So, you know, you might be wondering, it's not that hard, but you know, you might be wondering, well, will I be a total beginner again, like programming language beginner when I, if I start learning Python, or will my R knowledge transfer over to Python? And this actually, this is a more interesting question than it might seem on the surface because R is kind of an unusual language.
So, I'll just point out a few of the things that sort of stand out about R that's weird. So, in R you have one based indexing. So, if you want to get the first element of a vector or the first row of a data frame, you start at, you start counting at one and in Python you start at zero. And so, and most programming languages are like Python. R there's no scalar values. There's just length one vectors.
And in Python, there's this, there's a, you know, a distinction between scalar and vector objects. So, if you've got a single, you know, a single value versus like a whole, like a, a vector of values.

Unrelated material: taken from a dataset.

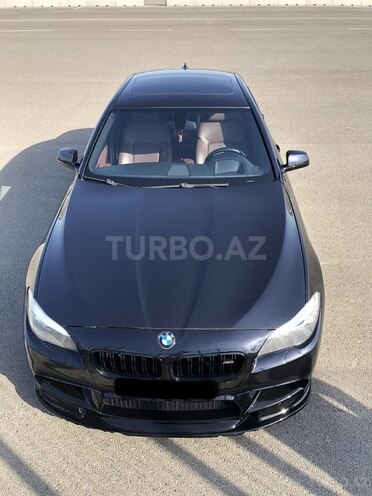 BMW 520 2013, 210,000 km - 2.0 l - Bakı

Next. So, R is a Lisp-like functional language and Python is an imperative object oriented language. Now this thing about R being a Lisp-like language, if you look deep into the source code of R, you'll see that it's actually implemented just like Lisp. It's, it's, yeah, it's, it's very different from other programming languages or other common programming languages.
Okay. And also our data frames and statistical tools, they're deeply embedded into the language. And with Python, those, all that stuff, that's all, you know, that all comes from third party modules. Now, I think if you're an R user, you know, some of these things are actually not that hard to deal with, like one based indexing versus zero based indexing.

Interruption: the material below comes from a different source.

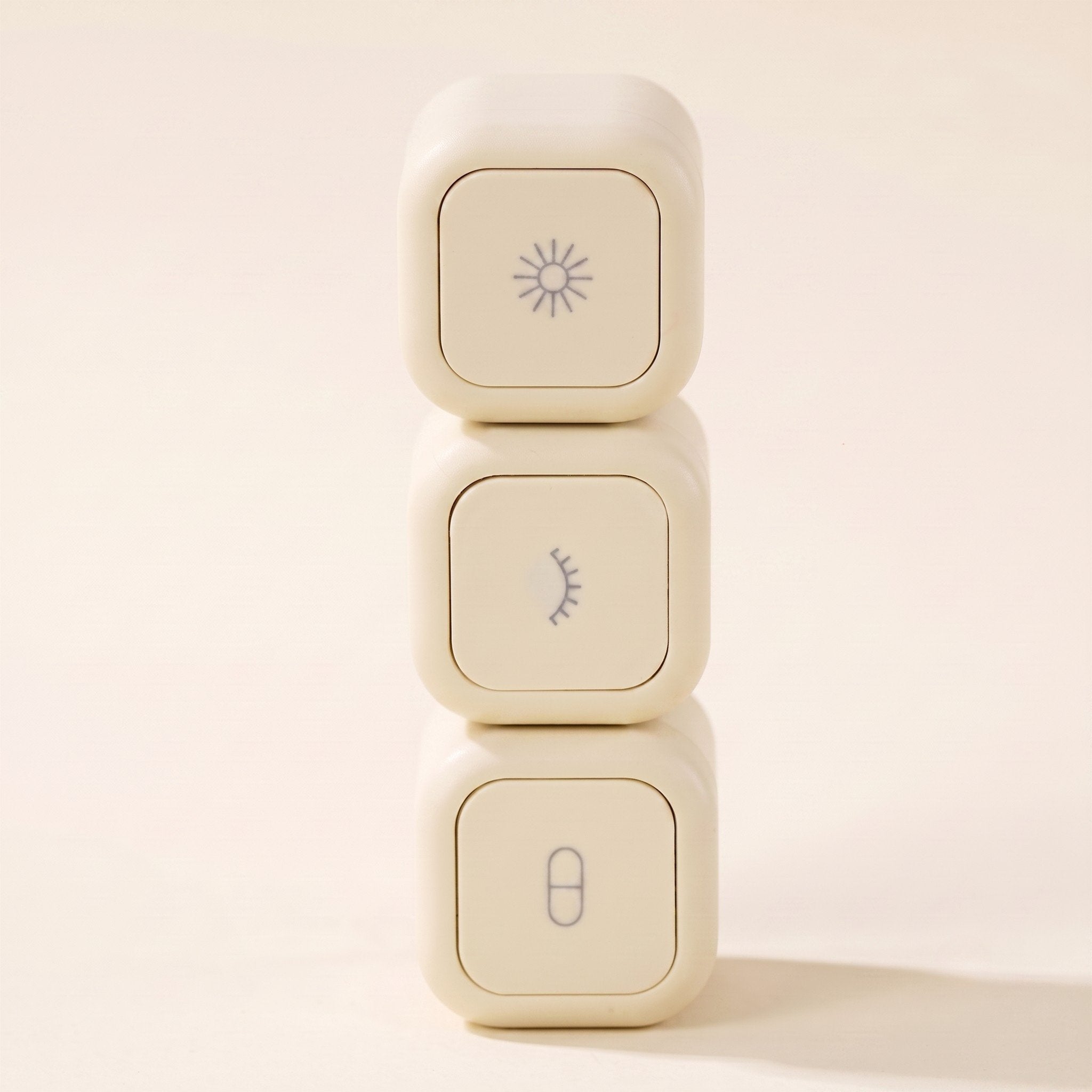 The Cohe Capsule - Leakproof Luxury Travel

Now for the next one, so R being a functional language and Python being this imperative object oriented language, they are, they're actually quite different at the core, but at the user level, the two languages aren't so different. Both of them are somewhat, somewhat functional languages and also both sort of object oriented languages. So, what I mean, like by being functional languages is that Python supports first class functions. First class function is a function as an object that you can pass to another function. And that, that then it can invoke that function later where you can compose those functions. So, R does that and Python can do that as well.
But there is, there actually is one important difference. So, in R, most data structures are immutable and in Python, most data structures are mutable, meaning they can be changed. If you have a data structure, it can be changed from anywhere else in your program. Well, if that, that part of the program has a reference to the object.
So, I'm just going to illustrate this with some code from a Shiny app. This is like, this is the server code for a Shiny app. So, let's say you've got a data frame. It's just got two columns of numbers. And, and then you have a render table. So, let's say you want to render this table so that the Y column prints with two digits after the decimal point. So, they look like this, 0.10. All right, so what I'm going to do is I take, I use the sprintf function. I give it my string format and then the column. And then I store that back in the data frame. And then I return the data frame, but this time it has a column of strings. And then the table that gets printed out will have numbers like that. And finally, I'll do a render plot where I just plot this, the X and Y values as a scatter plot.
Now we can look at the same code in Python. And if you haven't seen the Shiny for Python code, well, here's your chance. This is, it's not so different. So, you create a data frame using, this is using pandas. I say pd data frame and I give it my values here. And then I do a render table. And I save that back in my, the Y column of DF. And then I return that data frame. Excuse me. And then I'll do the render plot. And I can use the ggplot function here because this application uses plot nine, which is a, it's a implementation of ggplot2 for Python, which works remarkably well. So, if you haven't, if you use Python and you haven't used plot nine, you should definitely check it out.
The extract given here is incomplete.